I vecchi episodi della serie di Katamari ci hanno insegnato che non c’è bisogno di una trama lineare per essere affascinanti. In questo nuovo capitolo, l’universo è ancora governato dal Re del Cosmo, accompagnato dal piccolo Principe. Mentre il primo è tanto maestoso quanto vanitoso e sbadato, il nostro eroe ha l’ingrato compito di rimediare a tutti i suoi disastri. In Once Upon a Katamari, però, il disastro è veramente senza precedenti. Il Re, mentre gioca con un’antica pergamena, disintegra il cielo e sparge le stelle in epoche diverse della storia umana. Ovviamente siamo noi a dover porre rimedio a questo ennesimo disastro. Insieme al nostro Katamari, dobbiamo quindi rotolare per la storia dell’umanità e raccogliere letteralmente tutto il cosmo. Viaggiando attraverso l’Era Glaciale, l’Antico Egitto, il Giappone Feudale e altro ancora, dobbiamo porre rimedio ai problemi causati da nostro padre e riportare ordine nel firmamento. La Storia che incontriamo, però, non si basa sul realismo quanto sulla voglia di stupire e divertire. Così ogni epoca diviene il palcoscenico di meraviglie e assurdità, popolato da oggetti anacronistici, animali impossibili e gag cosmiche. Appare così la vera anima del gioco: una fiaba che nasconde al proprio interno una parodia del progresso, portandoci a riflettere sul caos dell’universo e sulla leggerezza necessaria per affrontarlo.

Da questo punto di vista, il titolo rappresenta perfettamente la saga di cui fa parte.

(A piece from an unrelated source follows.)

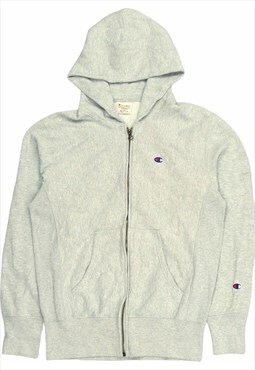 Vintage 90's Champion Hoodie Reverse Weave Zip Up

Katamari Damacy è diventata nel tempo il simbolo di un certo tipo di videogioco giapponese: bizzarro, artistico, indifferente (o forse al di sopra) ad ogni regola occidentale di coerenza narrativa. Once Upon a Katamari abbraccia pienamente questo spirito e cerca di trasportarlo nell’epoca moderna. Rende omaggio al passato disseminando al proprio interno riferimenti ai capitoli precedenti con personaggi secondari, canzoni reinterpretate, citazioni del Re che solo i fan riconosceranno. Allo stesso tempo, il nuovo tema e la struttura più simile alla fiaba regalano una sottile vena malinconica e una spinta alla riflessione più marcata. Elementi che non vanno in contrasto con lo spirito della serie ma, anzi, le donano più spessore. Il viaggio del Principe diventa quasi una metafora del giocatore stesso, che raccoglie frammenti del passato, cercando di ricomporre un cielo che non esiste più. La leggerezza dell’assurdo sembra quindi sposarsi con la maturità introspettiva, tenute insieme da una tenerezza dei toni e delle espressioni che permette a tutti di vivere questa esperienza. Once Upon a Katamari, dal punto di vista narrativo, può dirsi completo e coinvolgente, regalando momenti di divertimento ai più piccoli e istanti di riflessione ai giocatori di più lunga data.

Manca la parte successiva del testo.